→ Activity: Write out the listing below character for character, though without its pictures.

---

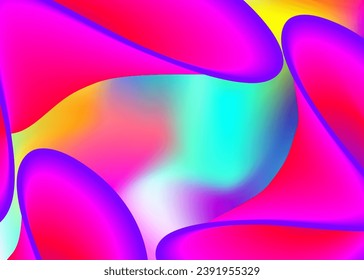 Fluid background. Holographic 3d backdrop with modern trendy blend. Molecular book, wallpaper layout. Vivid gradient mesh. Fluid background with liquid dynamic elements and shapes.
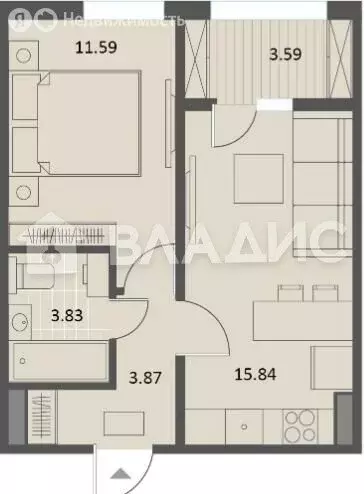 1-комнатная квартира: Воронеж, Краснознамённая улица, 72 (36.93 м) - Фото 1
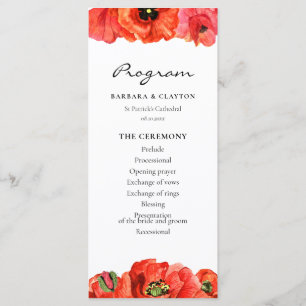 Red poppies watercolor wedding programme
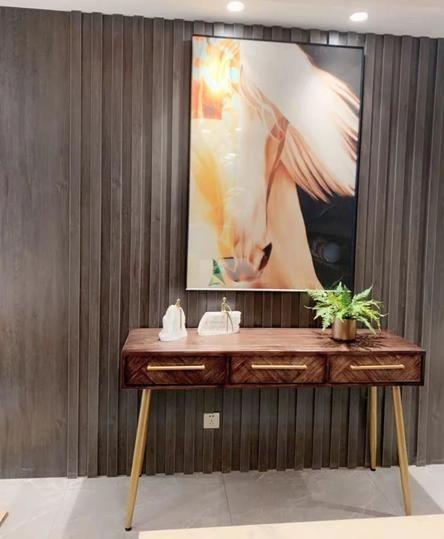 Golden Herringbone Solid Wood Hallway Console Table Sofa Desk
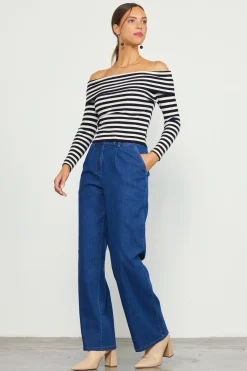 SKIES ARE BLUE Long Sleeve Tops*Off Shoulder Stripped Knit Top Black-cream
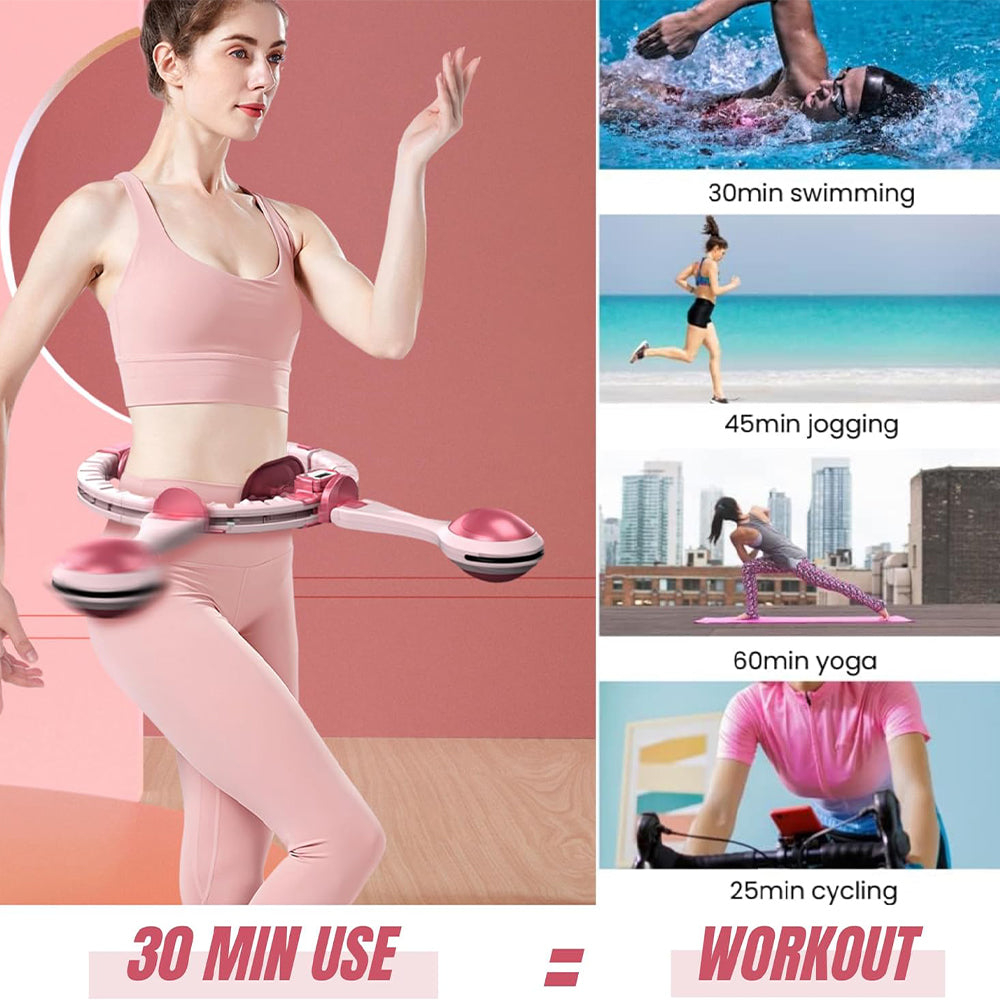 Vibe Geeks 360 Degree Smart Infinity Intelligent Hula Hoop - Gray 1 Adjustable Suction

---

→ Response for this exercise:
 Fluid background. Holographic 3d backdrop with modern trendy blend. Molecular book, wallpaper layout. Vivid gradient mesh. Fluid background with liquid dynamic elements and shapes.
 1-комнатная квартира: Воронеж, Краснознамённая улица, 72 (36.93 м) - Фото 1
 Red poppies watercolor wedding programme
 Golden Herringbone Solid Wood Hallway Console Table Sofa Desk
 SKIES ARE BLUE Long Sleeve Tops*Off Shoulder Stripped Knit Top Black-cream
 Vibe Geeks 360 Degree Smart Infinity Intelligent Hula Hoop - Gray 1 Adjustable Suction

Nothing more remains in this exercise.